Isaï a 10 ans lorsque sa mère meurt, la laissant seule pour affronter sa venimeuse tante cobra... Au cours de la crémation de sa mère, elle aperçoit un "opprimé", un hors-caste, qui ramasse respectueusement une fleur tombée du lit funéraire. Plus tard, alors que sa tante lui a rasé le crane sous un prétexte quelconque, elle devient son amie, se faisant passer pour un garçon. Mais tante cobra n'a pas fini de torturer Isaï et, pour rembourser l'emprunt du mariage de son fils, elle décide d'envoyer sa nièce travailler en ville chez un usurier ! Isaï y voit l'occasion de s'enfuir à Bombay où son père travaille... Elle réussit grâce à Murugan, le hors-caste devenu son ami qui, lui aussi souhaite tenter sa chance à la ville et n'accepte pas que les intouchables comme lui soient considérés comme des arriérés !
Les deux enfants partent donc vers Bombay sous l'aile bienveillante de Sarasvati, et leur route, semée d'embûches, leur dévoile l'Inde : unique, multiple, complexe, pauvre et belle !

C'est un voyage très instructif à travers l'Inde que nous propose Claire Ubac avec ce roman.
C'est tout d'abord un voyage géographique (si j'ose dire) à travers l'Inde et un dépaysement garanti avec les nombreuses descriptions des villes et villages traversés par nos deux jeunes protagonistes... Ainsi, débuté à Yamapuram dans l'état du Tamil Nadu dans le sud est de l'Inde, le périple d'Isaï et Murugan nous conduit à Madurai, puis à Kanyakumari, puis à Mysore dans l'état du Karnataka, puis à Bangalore, puis à Hampi pour finalement nous déposer à Bombay, capitale de l'état du Maharashtra, au centre ouest de l'Inde... de quoi découvrir de multiples paysages !
C'est ensuite un voyage spirituel avec l'évocation d'une panoplie de dieux et déesses hindous vénérés par nos deux jeunes héros qui ne manquent jamais d'aller faire leur puja dans les temples des lieux qu'ils traversent.

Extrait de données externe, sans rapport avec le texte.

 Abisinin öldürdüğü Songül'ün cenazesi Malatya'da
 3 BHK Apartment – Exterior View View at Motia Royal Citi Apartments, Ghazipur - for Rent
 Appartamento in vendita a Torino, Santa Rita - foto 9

Nous faisons ainsi la connaissance de Durga, Shiva, Kali, Parvati, Ganesh (Ganapati), Sarasvati, Lakchmi, et j'en oublie sans doute...
C'est aussi un voyage culturel avec l'évocation du cinéma bollywoodien, les odeurs de nourriture (barfis, samosas, payasam, chapatis, etc...), la description de quelques coutumes (les kolams par exemple dont je vous ai déjà parlés ici), les nombreux vêtements typiques, et, bien entendu, la musique !

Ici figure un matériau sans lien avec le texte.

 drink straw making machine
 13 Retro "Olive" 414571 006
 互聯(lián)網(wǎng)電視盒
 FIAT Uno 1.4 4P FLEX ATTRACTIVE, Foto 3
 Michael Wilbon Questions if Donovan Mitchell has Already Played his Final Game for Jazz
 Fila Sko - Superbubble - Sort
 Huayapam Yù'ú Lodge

C'est enfin un voyage social, bien ancré dans la réalité et donc bien difficile à supporter parfois : situation inacceptable des femmes, sort des intouchables, extrême pauvreté dans les villages obligeant les hommes de la maisonnée à s'exiler dans les villes afin de nourrir leur famille, extrême pauvreté encore fabriquant des cohortes d'enfants des rues fouillant les poubelles pour survivre,... autant de vérités crues que le cinéma bollywoodien souhaiterait parfois nous faire oublier.

Ainsi, ce roman permet aux lecteurs de découvrir de multiples facettes de l'Inde moderne et, en cela, il est très intéressant mais cela a-t-il été suffisant pour me plaire totalement ? Malheureusement non ! En effet, plutôt destiné aux adolescents, j'ai trouvé ce livre, certes frais, mais beaucoup trop naïf et le happy end est beaucoup trop "happy" à mon sens (je ne dévoile rien mais bon, c'est un peu too much...)
Lien : http://loumanolit.canalblog...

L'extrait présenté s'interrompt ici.